Count the lines in the listing below that contain the word "Dial" and report that number alone.

Data under study Start Marker

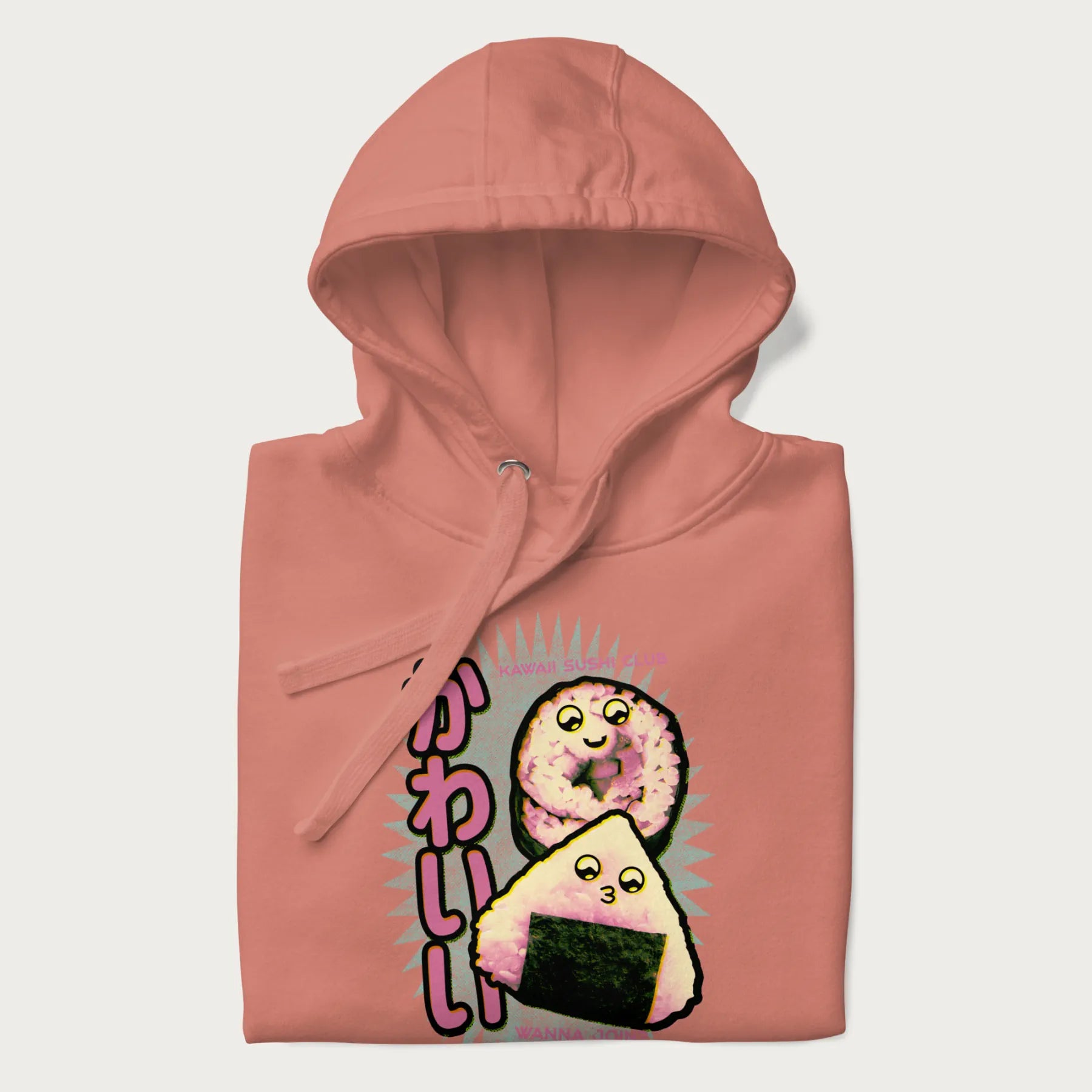 Folded light pink hoodie featuring a cute sushi and onigiri graphic with the text "Kawaii Sushi Club", colorful neon accents and Japanese characters.
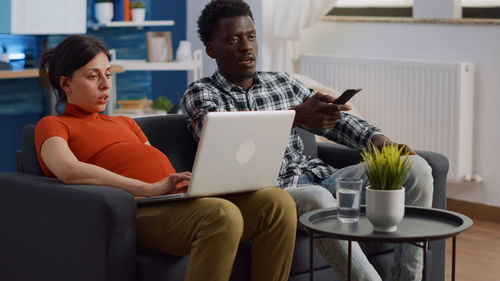 Pregnant woman using laptop while husband watching movie at home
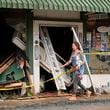 A person walks past a building heavily damaged during Hurricane Helene Tuesday, Oct. 1, 2024, in Hot Springs, N.C. (AP Photo/Jeff Roberson)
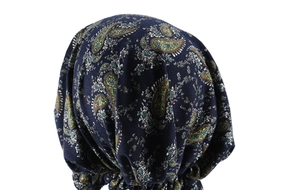 Close-up of navy blue paisley turban hat with soft pleated fabric and floral pattern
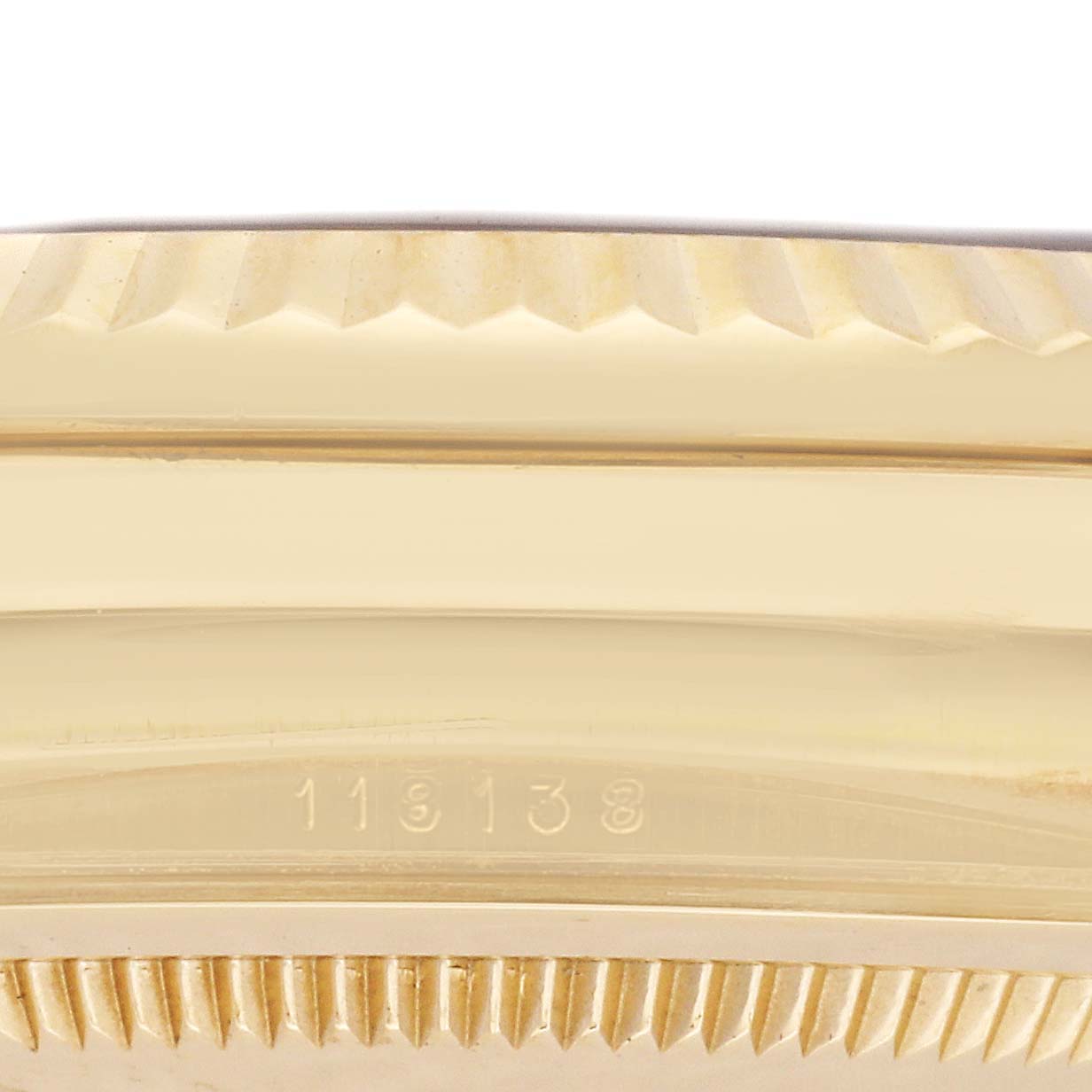 The image shows a close-up of the side of the bezel and case edge of a Rolex President 118138 Men
s Yellow Gold Green Dial 118138 Men
s Yellow Gold Green Dial model watch, with visible detailing.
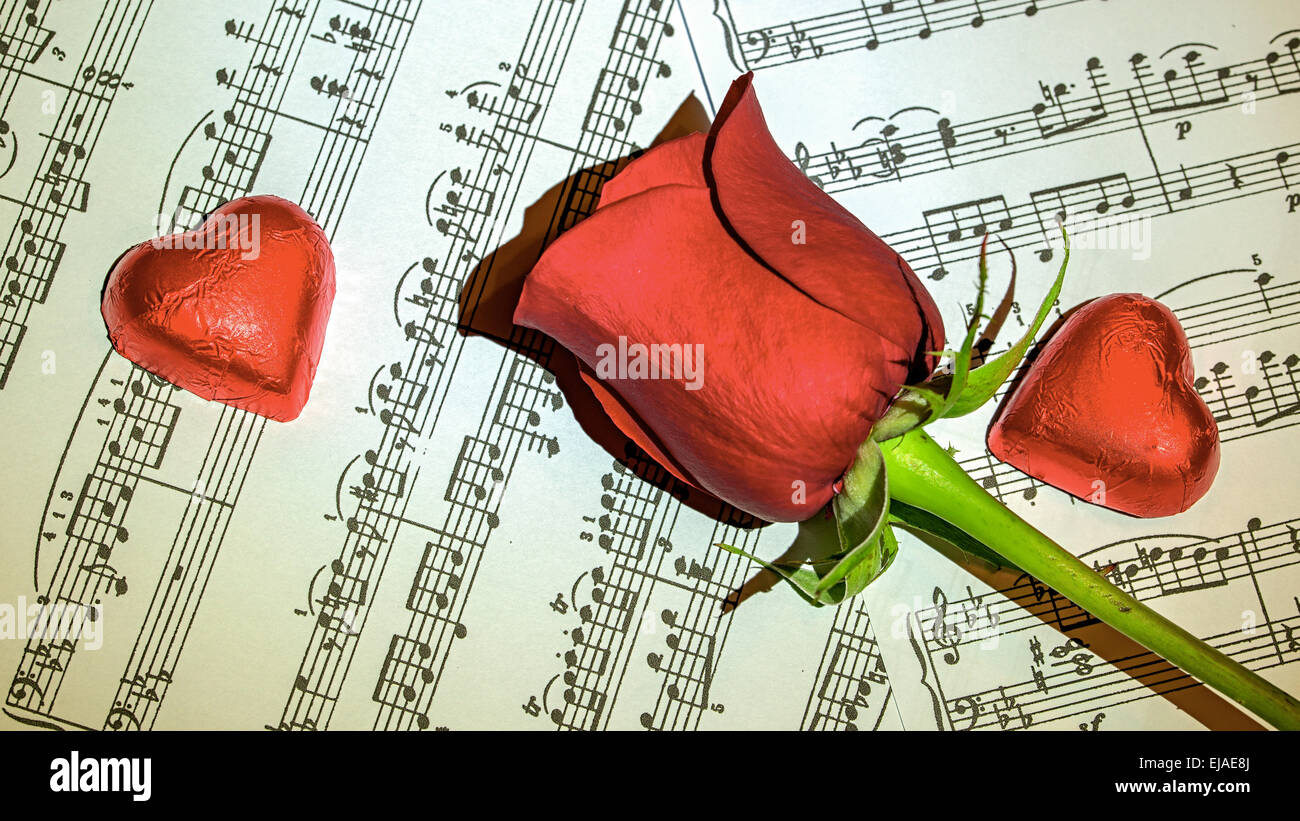 Rote Rose auf Partituren mit Schokoladenherzen rund um Stockfoto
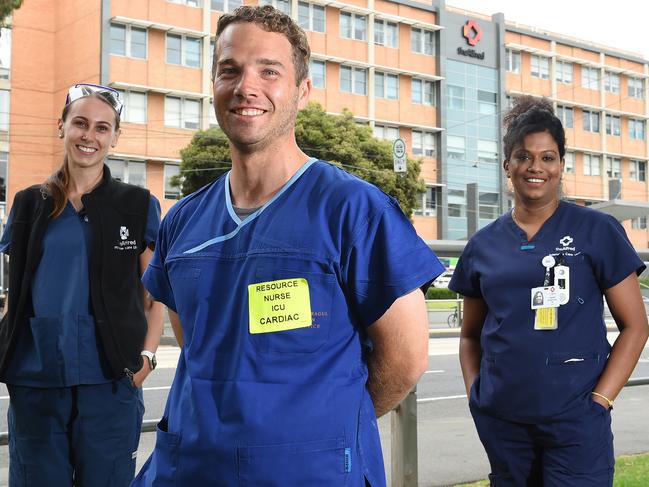 Hospital workers in front of The Alfred Hospital celebrating the end of a horror 2020 and looking forward to a better 2021. (L-R) ICU nurses Bianca Rose, Sebastian Hands and Smitha Sivaprasad. Picture: Josie Hayden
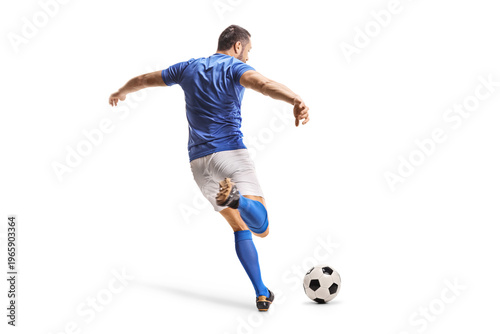 Fotografía Rear view shot of a football player in a blue jersey kicking a ball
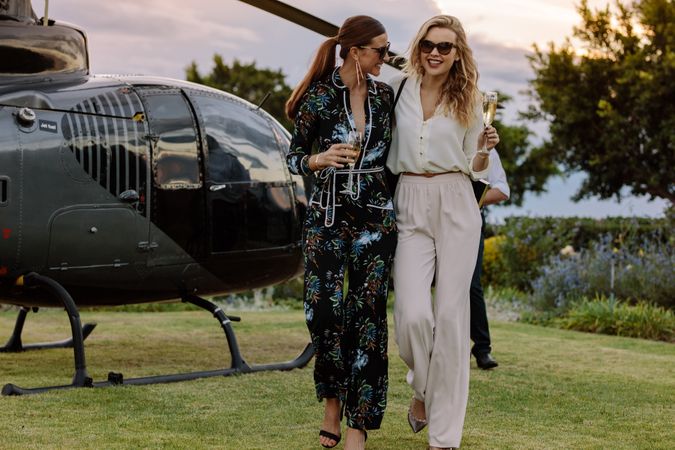 Women friends walking away from helicopter with wine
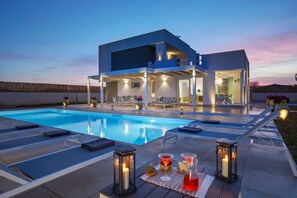 A modern house with a swimming pool, outdoor seating, and a dining area with candles. - Villa Sariva (Ispica)
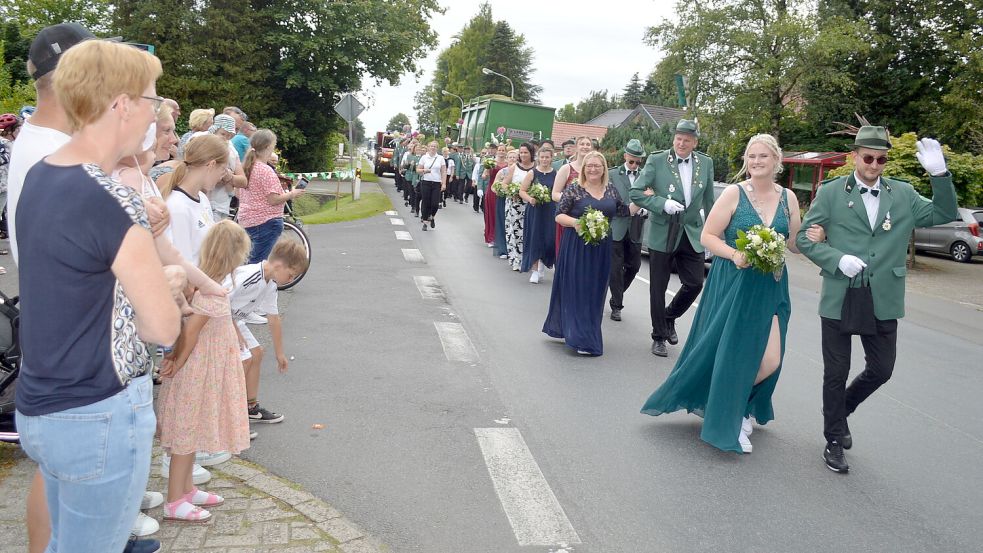 Beim Umzug durch das Dorf waren viele Einwohner und Gäste dabei. Sie applaudierten der neuen Königin Amke Bokelmann (rechts) und dem Königsthron. Fotos: Weers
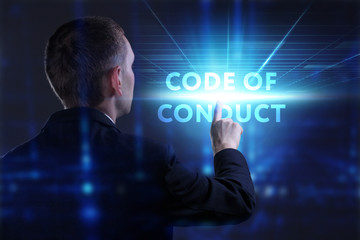 Business, Technology, Internet and network concept. Young businessman working on a virtual screen of the future and sees the inscription: Code of conduct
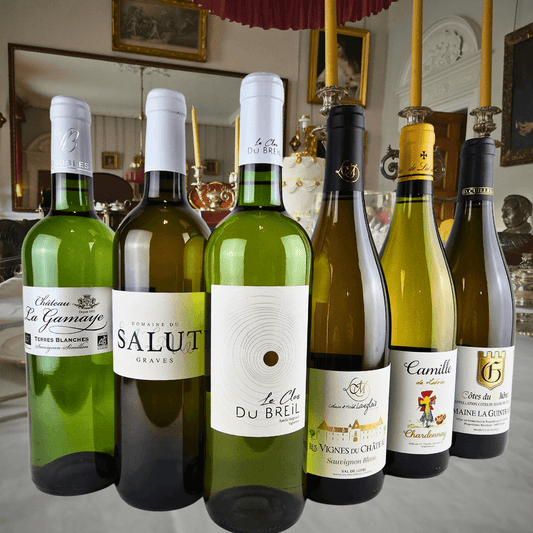 Organic French white wine discovery case featuring six unique bottles in elegant setting.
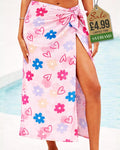 Pink beach sarong with hearts and daisy flowers print tied at the hip by the pool
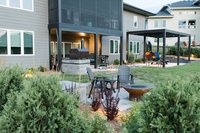 Waukee, Iowa back yard landscape with pergola, patio, fire pit and outdoor kitchen
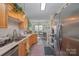 Modern kitchen with stainless steel appliances and wood cabinets at 8044 Sapwood Ct, Matthews, NC 28104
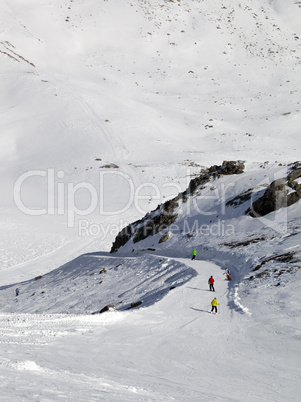 Snowboarders and skiers on ski slope at sun day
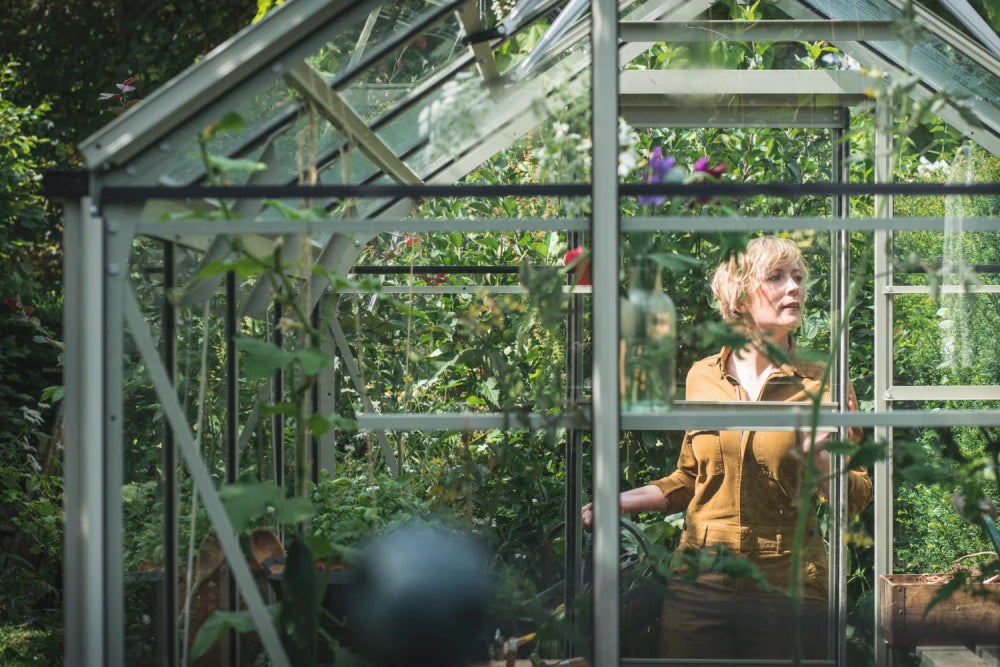 A person stands inside a glass Rhino Greenhouse, tending to plants surrounded by lush greenery. Sunlight filters through the transparent roof, creating a bright and nurturing environment.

Data under study End Marker

### Response below:
2